Confindustria vorrebbe a questo fine la sponda forte di un governo Draghi al
posto del claudicante governo Conte. Ma la presenza di un governo fragile non
solo non spinge i padroni a indietreggiare, ma li motiva una volta di più a
fare di testa propria.
Ciò non
significa che il padronato persegua una linea di scontro con la burocrazia. Il
timore di una rivolta sociale continua a tormentare i padroni. Le direzioni
sindacali possono essere decisive per disinnescarla. Da qui la proposta loro
rivolta di una riedizione aggiornata del patto per la fabbrica che coinvolga i
sindacati nell'offensiva antioperaia. L'unico dato certo è la volontà dei
padroni di vincere.
CLASSE
CONTRO CLASSE
Su questo
terreno generale si pone oggi l'esigenza del fronte unico di classe. Se il
padronato stringe le file attorno alla propria piattaforma, la classe operaia
deve rispondere con una politica uguale e contraria. La parola d'ordine imposta
dallo scenario politico è quella della più ampia unità d'azione di tutte le
organizzazioni di classe, sindacali e politiche, attorno ad una piattaforma di
lotta indipendente dei lavoratori, che punti a ricomporre attorno a sé un
blocco sociale alternativo.
Tredici
milioni di lavoratori e lavoratrici, su diciassette milioni di salariati, sono
in attesa di contratto: dieci milioni nel privato, tre milioni nel pubblico,
complessivamente una forza enorme. Questa forza va usata. Per usarla è
necessario unirla attorno a rivendicazioni comuni che travalicano i confini di
categoria e rispondono a un interesse generale.
Blocco dei
licenziamenti. Nazionalizzazione delle aziende che licenziano senza indennizzo
per i grandi azionisti e sotto controllo operaio. Ripartizione generale del
lavoro che c'è attraverso una drastica riduzione dell'orario a parità di paga
(30 ore pagate 40). Un grande piano di nuovo lavoro in opere sociali di
pubblica utilità a partire dalla sanità, dalla scuola, dall'ambiente.

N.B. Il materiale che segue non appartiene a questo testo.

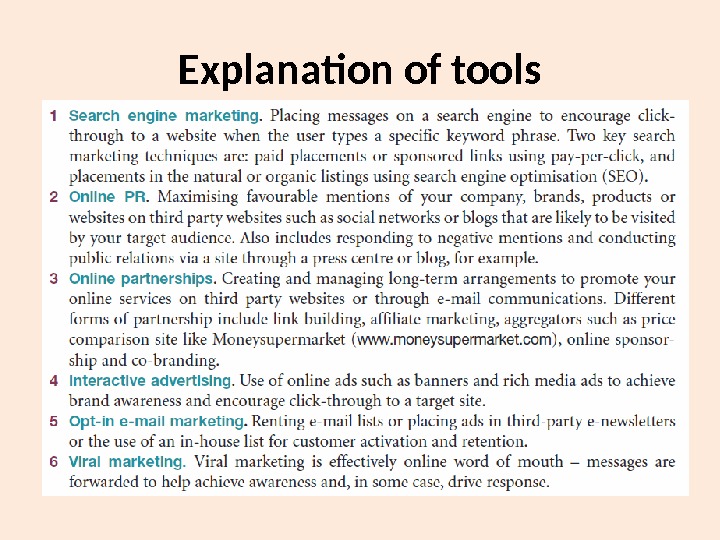 Explanation of tools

Tassazione progressiva delle grandi ricchezze finanziarie e immobiliari.
Un programma
troppo radicale? Non è meno radicale del programma di Bonomi e dei padroni.
Semplicemente, è di segno opposto. Classe contro classe, forza contro forza. La
burocrazia sindacale farà di tutto per evitare uno scontro sociale pur di
sostenere un governo borghese traballante e recuperare le buone relazioni coi
padroni. I padroni faranno di tutto per usare la burocrazia sindacale come
ammortizzatore delle lotte, come già nella scorsa primavera. Il governo farà di
tutto per custodire l'appoggio politico della burocrazia sindacale. Ogni attore
svolgerà il proprio ruolo nella partita che si apre. Ma non tutto può essere
sempre deciso nelle alte sfere. A volte è l'irruzione di una lotta dal basso
che può rompere i piani e squadernare il gioco. Di certo solo per questa via si
può aprire il varco per un nuovo scenario politico.
Come Partito
Comunista dei Lavoratori ci impegneremo in ogni lotta e in ogni fronte unitario
di avanguardia per sostenere la proposta del fronte unico di classe e di massa
nella prospettiva di una alternativa anticapitalista. L'unica alternativa vera.